*WHAT TO WORK ON*: What needs reproducing is the run of lines in the data below starting at the line with "DataComm 45-0015-IV Two-Gang" and ending at the line with "Blue Circle Line", both ends included. Copy it exactly, without pictures, and add nothing.

*EXERCISE MATERIALS*:
= Beginning of Section =
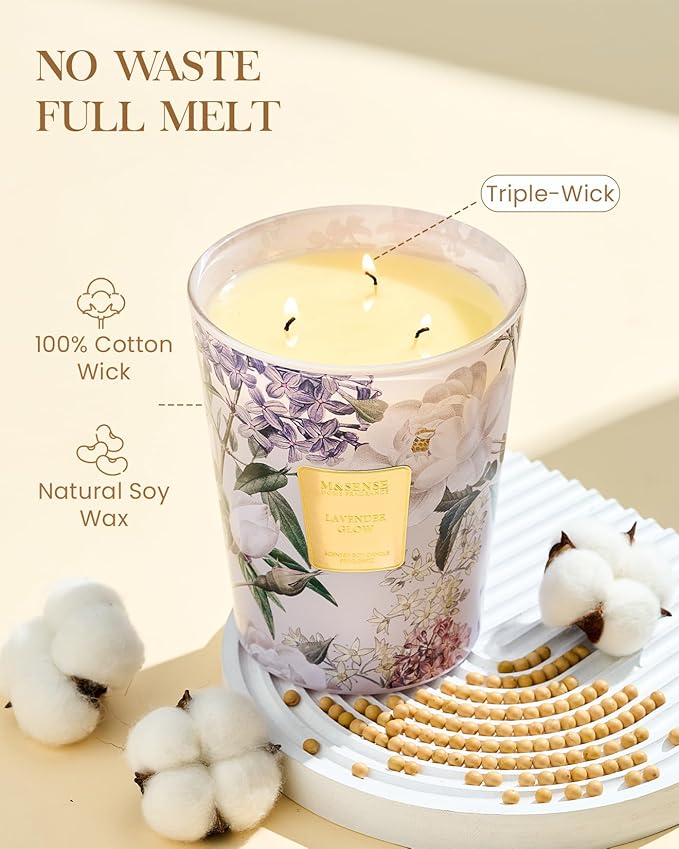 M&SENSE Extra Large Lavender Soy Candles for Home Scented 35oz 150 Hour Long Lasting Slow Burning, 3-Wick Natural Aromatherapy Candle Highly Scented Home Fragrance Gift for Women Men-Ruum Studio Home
= End of Section =
= Beginning of Section =
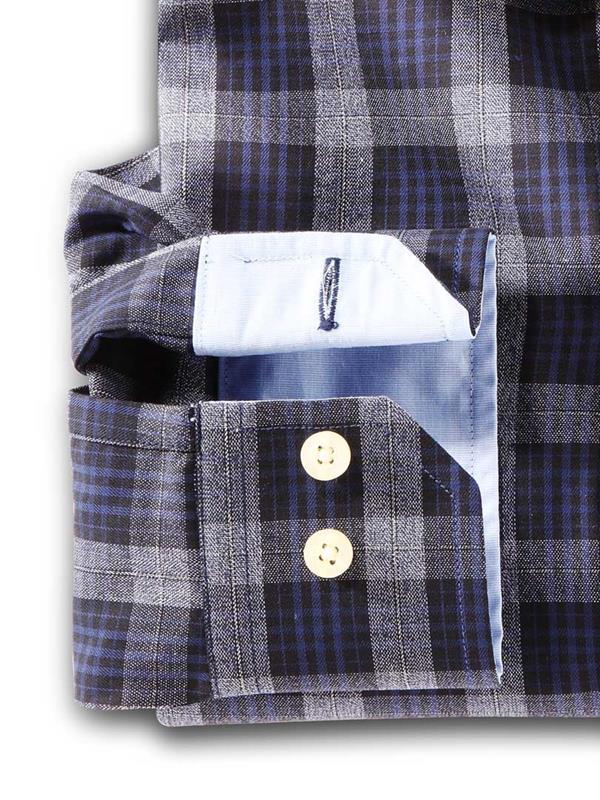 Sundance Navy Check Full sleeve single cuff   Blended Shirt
= End of Section =
= Beginning of Section =
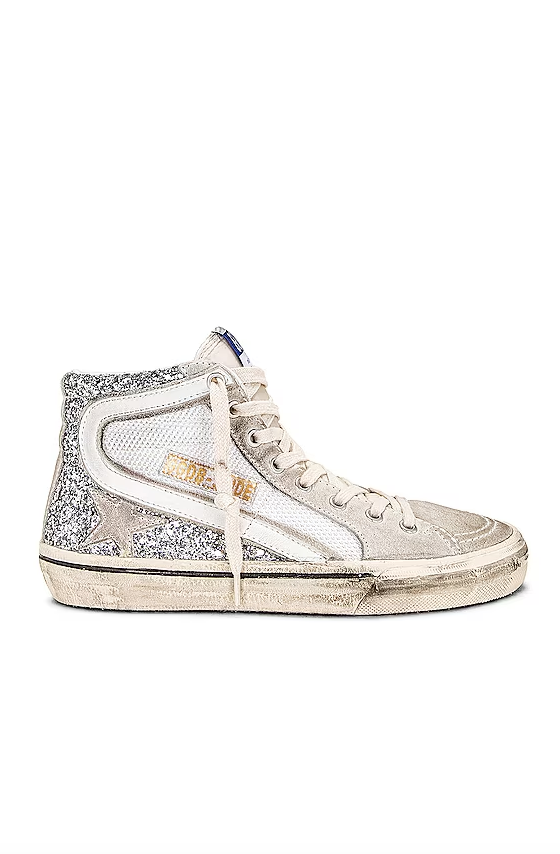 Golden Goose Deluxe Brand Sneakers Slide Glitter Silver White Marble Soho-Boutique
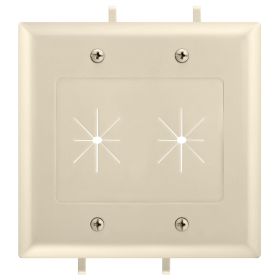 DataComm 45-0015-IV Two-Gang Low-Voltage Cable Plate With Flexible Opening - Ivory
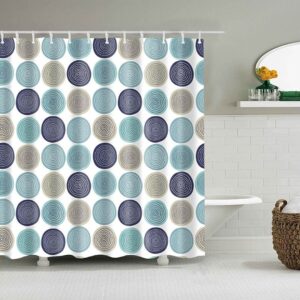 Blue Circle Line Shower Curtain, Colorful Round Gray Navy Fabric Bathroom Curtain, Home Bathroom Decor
= End of Section =
*EXPECTED ANSWER*:
 DataComm 45-0015-IV Two-Gang Low-Voltage Cable Plate With Flexible Opening - Ivory
 Blue Circle Line Shower Curtain, Colorful Round Gray Navy Fabric Bathroom Curtain, Home Bathroom Decor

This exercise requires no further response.